**DATA BELOW**
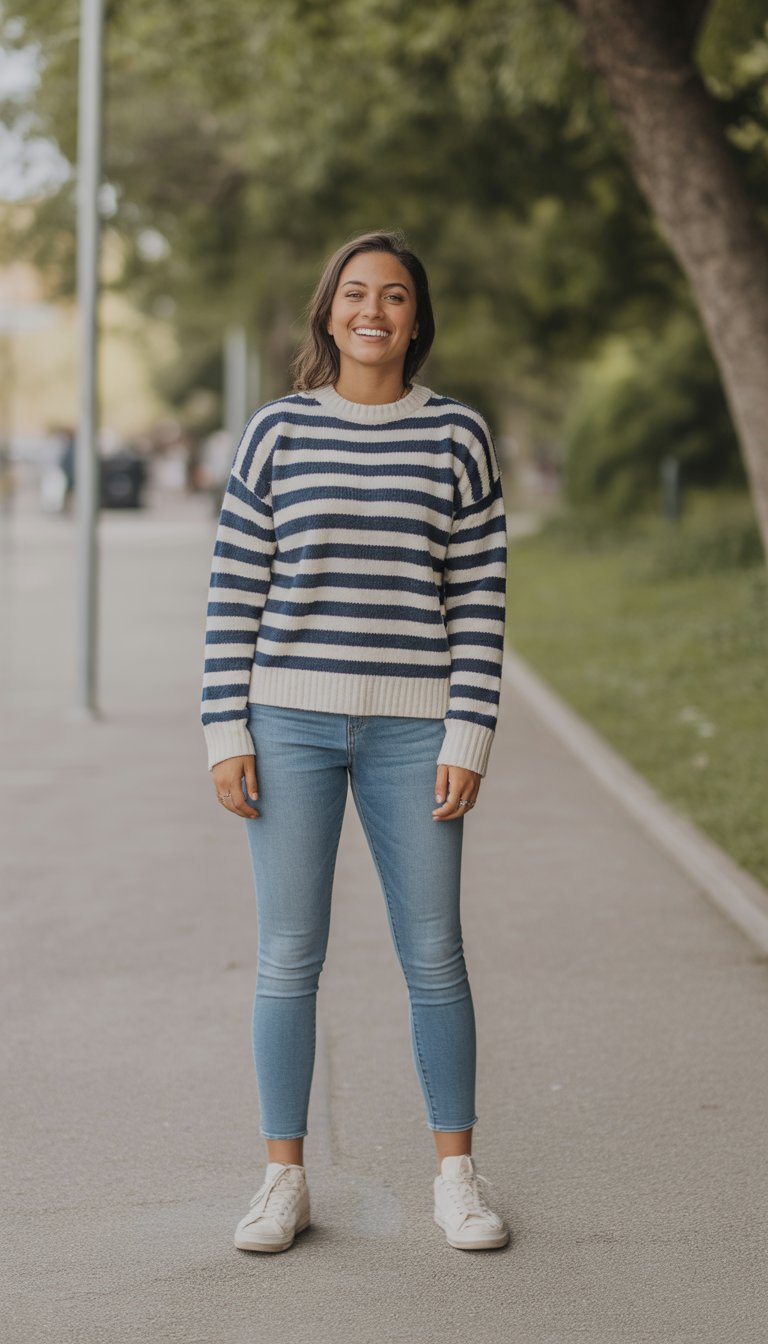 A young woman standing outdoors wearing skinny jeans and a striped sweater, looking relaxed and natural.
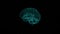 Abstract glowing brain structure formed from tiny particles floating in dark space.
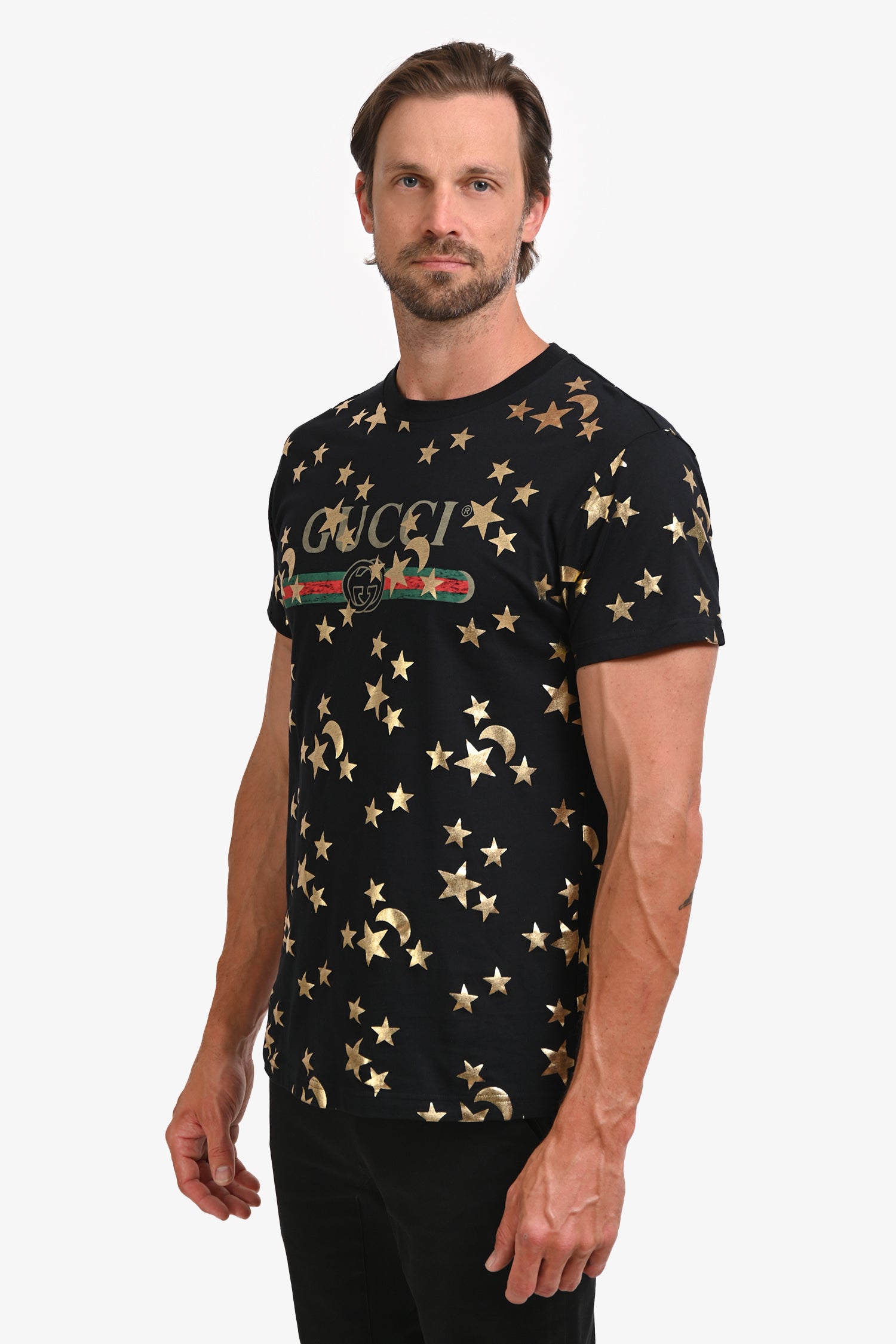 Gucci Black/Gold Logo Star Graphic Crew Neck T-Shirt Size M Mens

**YOUR INSTRUCTIONS**
The reply should contain every line of the material exactly, and no images.

**SOLUTION FOR THIS EXERCISE**
 A young woman standing outdoors wearing skinny jeans and a striped sweater, looking relaxed and natural.
 Abstract glowing brain structure formed from tiny particles floating in dark space.
 Gucci Black/Gold Logo Star Graphic Crew Neck T-Shirt Size M Mens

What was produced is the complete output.